Our database-server sometimes become unresponsive. It runs a fully updated Ubuntu 14.04 LTS. Notable non-vanilla software running on it are Nimbus, TSM and Oracle.
About once a day, it becomes unresponsive, so far at night-time, when a series of maintenance-tasks are done such as backups.
After it becomes unresponsive, it seems to stay this way forever. I'm not able to SSH into it, and it doesen't accept any database connections.
Weird thing is, the server responds to ping. If I use telnet to open port 22(SSH) or port 1521(Oracle), I do get a reply from the server. Port 22 even states something like "This is OpenSSH". But actually using the ssh client or opening a database-connection just hangs.
I've been looking in the log-files, and found absolutely nothing(dmesg, syslog, auth.log etc). It also seem to be suspiciously little activity in the the logfiles during the unresponsive period. After restarting the server, it works again.

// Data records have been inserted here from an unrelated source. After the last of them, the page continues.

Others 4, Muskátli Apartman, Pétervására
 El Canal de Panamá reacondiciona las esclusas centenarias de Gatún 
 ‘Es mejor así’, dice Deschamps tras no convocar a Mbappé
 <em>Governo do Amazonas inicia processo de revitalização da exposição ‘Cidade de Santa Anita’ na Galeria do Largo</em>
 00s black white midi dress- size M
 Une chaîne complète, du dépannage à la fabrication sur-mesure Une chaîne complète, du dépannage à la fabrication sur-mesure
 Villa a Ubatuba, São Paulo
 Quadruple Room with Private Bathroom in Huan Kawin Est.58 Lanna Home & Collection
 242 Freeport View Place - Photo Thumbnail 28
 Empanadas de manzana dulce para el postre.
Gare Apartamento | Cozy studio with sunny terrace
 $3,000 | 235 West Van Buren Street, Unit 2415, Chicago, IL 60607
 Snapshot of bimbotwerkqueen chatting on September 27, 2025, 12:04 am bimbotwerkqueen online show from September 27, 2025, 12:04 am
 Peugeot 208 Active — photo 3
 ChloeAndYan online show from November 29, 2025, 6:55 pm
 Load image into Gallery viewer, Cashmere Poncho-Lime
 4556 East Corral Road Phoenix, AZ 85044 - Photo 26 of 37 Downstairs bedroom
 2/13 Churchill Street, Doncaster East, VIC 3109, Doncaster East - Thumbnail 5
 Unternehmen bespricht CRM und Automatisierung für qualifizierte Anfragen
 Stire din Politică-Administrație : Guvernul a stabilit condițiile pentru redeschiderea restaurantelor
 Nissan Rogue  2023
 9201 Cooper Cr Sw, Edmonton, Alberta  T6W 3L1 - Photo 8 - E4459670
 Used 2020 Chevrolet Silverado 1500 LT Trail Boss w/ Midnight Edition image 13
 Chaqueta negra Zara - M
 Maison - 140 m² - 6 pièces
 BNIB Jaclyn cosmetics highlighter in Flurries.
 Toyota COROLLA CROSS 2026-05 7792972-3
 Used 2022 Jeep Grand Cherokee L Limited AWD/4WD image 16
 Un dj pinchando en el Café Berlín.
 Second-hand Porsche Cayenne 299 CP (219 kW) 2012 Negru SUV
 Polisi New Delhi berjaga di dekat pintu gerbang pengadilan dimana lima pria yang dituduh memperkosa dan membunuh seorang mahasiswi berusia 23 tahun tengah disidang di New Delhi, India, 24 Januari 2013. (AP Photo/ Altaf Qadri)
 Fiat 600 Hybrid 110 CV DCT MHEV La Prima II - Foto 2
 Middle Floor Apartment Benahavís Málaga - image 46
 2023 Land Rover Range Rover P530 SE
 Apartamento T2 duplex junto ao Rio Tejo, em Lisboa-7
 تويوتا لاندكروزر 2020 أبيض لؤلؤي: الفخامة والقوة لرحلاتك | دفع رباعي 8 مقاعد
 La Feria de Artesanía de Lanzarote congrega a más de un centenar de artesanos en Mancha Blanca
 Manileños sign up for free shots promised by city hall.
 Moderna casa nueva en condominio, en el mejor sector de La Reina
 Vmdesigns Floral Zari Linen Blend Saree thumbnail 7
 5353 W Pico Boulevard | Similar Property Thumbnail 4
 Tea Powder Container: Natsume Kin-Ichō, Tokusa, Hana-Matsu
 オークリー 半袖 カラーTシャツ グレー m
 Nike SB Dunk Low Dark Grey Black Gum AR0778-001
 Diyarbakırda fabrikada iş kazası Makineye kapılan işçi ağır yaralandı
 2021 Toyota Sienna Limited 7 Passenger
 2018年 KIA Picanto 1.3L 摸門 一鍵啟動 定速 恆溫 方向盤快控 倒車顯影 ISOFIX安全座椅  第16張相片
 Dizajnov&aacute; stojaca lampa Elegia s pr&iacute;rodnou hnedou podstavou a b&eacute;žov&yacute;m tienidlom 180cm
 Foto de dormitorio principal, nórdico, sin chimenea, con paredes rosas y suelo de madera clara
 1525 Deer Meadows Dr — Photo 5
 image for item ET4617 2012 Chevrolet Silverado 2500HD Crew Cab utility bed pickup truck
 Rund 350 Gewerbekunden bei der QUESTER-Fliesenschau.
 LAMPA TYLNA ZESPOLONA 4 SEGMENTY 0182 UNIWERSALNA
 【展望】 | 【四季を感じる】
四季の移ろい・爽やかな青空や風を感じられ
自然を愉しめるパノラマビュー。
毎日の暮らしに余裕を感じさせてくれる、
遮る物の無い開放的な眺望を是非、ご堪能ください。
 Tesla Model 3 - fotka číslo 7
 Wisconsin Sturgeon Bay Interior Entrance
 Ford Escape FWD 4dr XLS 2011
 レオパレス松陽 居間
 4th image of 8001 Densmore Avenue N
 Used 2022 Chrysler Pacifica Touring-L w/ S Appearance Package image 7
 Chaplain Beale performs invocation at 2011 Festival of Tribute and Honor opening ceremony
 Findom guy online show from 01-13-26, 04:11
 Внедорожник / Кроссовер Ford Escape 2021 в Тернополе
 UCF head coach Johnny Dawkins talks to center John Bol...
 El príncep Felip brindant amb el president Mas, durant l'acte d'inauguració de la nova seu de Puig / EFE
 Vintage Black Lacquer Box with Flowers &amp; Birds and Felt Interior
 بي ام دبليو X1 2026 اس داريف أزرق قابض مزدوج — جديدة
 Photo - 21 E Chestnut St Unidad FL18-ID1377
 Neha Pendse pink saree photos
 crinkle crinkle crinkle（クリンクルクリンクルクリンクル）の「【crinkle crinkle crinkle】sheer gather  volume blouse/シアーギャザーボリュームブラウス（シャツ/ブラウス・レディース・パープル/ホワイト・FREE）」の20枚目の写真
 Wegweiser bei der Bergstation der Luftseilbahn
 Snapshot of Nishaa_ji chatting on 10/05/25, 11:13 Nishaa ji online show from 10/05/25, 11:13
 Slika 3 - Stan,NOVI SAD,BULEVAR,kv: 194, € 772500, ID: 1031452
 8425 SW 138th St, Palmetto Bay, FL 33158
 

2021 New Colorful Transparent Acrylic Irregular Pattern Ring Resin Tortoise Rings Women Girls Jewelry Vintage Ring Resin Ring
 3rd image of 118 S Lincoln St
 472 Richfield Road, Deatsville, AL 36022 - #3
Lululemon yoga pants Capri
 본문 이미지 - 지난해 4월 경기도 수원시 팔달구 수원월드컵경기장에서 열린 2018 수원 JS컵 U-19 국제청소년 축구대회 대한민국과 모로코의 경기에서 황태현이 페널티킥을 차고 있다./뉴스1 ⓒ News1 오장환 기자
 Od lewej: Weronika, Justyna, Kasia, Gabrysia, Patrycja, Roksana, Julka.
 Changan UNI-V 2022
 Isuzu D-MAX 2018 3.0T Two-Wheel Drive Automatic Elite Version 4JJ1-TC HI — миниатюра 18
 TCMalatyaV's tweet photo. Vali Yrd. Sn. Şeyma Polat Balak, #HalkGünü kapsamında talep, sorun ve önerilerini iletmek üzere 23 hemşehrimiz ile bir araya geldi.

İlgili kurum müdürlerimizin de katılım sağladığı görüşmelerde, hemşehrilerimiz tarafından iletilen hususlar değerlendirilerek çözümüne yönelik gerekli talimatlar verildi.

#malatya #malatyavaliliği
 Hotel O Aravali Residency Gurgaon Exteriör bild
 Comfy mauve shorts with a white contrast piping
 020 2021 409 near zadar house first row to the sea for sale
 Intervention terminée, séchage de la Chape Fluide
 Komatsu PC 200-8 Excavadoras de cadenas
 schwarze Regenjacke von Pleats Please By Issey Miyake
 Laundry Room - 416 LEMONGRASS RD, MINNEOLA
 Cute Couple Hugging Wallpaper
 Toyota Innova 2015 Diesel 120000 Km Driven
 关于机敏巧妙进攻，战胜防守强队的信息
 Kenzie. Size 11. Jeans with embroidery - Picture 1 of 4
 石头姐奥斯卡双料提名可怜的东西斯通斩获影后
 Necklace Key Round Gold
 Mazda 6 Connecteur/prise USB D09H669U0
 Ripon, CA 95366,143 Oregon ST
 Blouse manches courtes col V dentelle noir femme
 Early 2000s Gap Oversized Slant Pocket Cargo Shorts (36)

My immediate reaction was to run apt-get update and apt-get dist-upgrade, and monitor the max file-descriptor limit being reached. However, the hard limit for Oracle is far from the filesystem max, so it seems weird if thats the case. Anyone else have any ideas what could cause this?
EDIT: Forgot to mention that CPU, memory and disk space was far from reaching 100%. (They were already monitored, and after this happened, I started monitoring open file descriptors as well, but it has yet to happen again). I can also add that I don't expect anyone to call out the exact problem, but any ideas for additional things to monitor would be appreciated.